Psalm 105 is clearly an historical Psalm. It traces the five stages of Israel’s early history, from the promise of the land to Abraham to the possession of the land under Joshua. Indeed, the entire Psalm, like that history, is driven by that covenantal promise made to Abraham and rehearsed here in verses 8-11 (where “covenant” is mentioned 3 times).
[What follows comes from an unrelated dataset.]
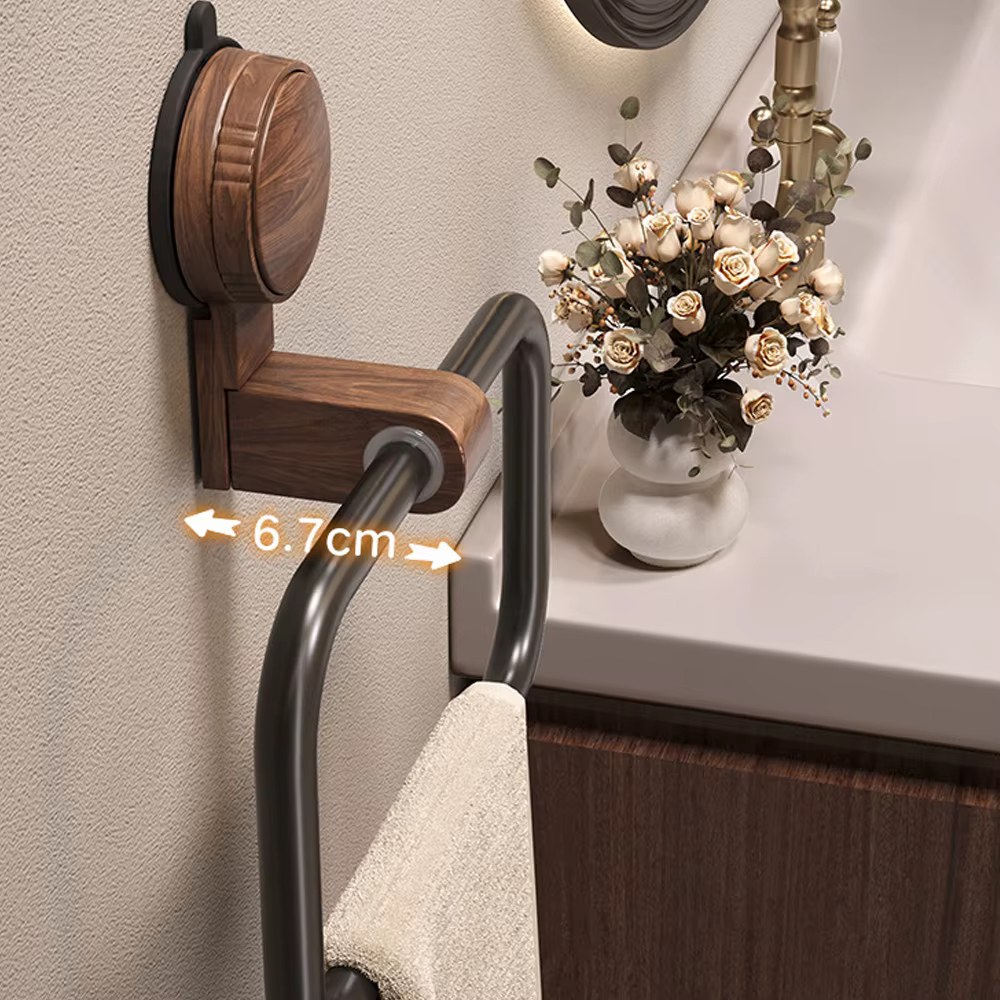 Nouveau porte-serviettes de salle de bain Vintage en bois de noyer étanche porte-serviettes de salle de bain avec support à ventouse anneau de serviettes mural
Our reading for today is the third episode in that epic story. Like the epic TV shows that attract millions of viewers (from the good old days of “Dallas” and “Thornbirds” to the bad new days of “Empire” and “Game of Thrones”), the biblical story summarized here is full of drama and intrigue, violence and bloodshed, hard things and hard people. People love such sweeping TV dramas because they are full of the stuff of life, as is the Bible. Sadly, some sensitive Christians want to edit the hard stuff out of the Bible, because they think seekers will be offended. The RCL does that with our reading for today, leaving out verses 28-36, which I think robs this episode in the story of a good deal of its power and grace. More on that later.
Unlike the epic dramas on TV, this biblical story does not focus on the nefarious characters who drive the twisted plot. Psalm 105 is all about God. (For another way of telling the same story, see Psalm 106 which focuses on the role of Israel in that story. Like those TV dramas, Psalm 106 zeroes in on the sins of the Israelites, particularly the way they forgot their God.) Psalm 105 shows us how God never forgot his children; indeed, verse 8 says, “He remembers his covenant forever… [it is] an everlasting covenant.” Psalm 105 is all about the “wonderful acts, the wonders, miracles and judgments” of the Lord as he remembered his promises to his children. The Psalm was clearly written to call God’s forgetful people to remember what he has done for them and respond with grateful worship. Thus, the last word is the point of the whole poem. “Praise the Lord.”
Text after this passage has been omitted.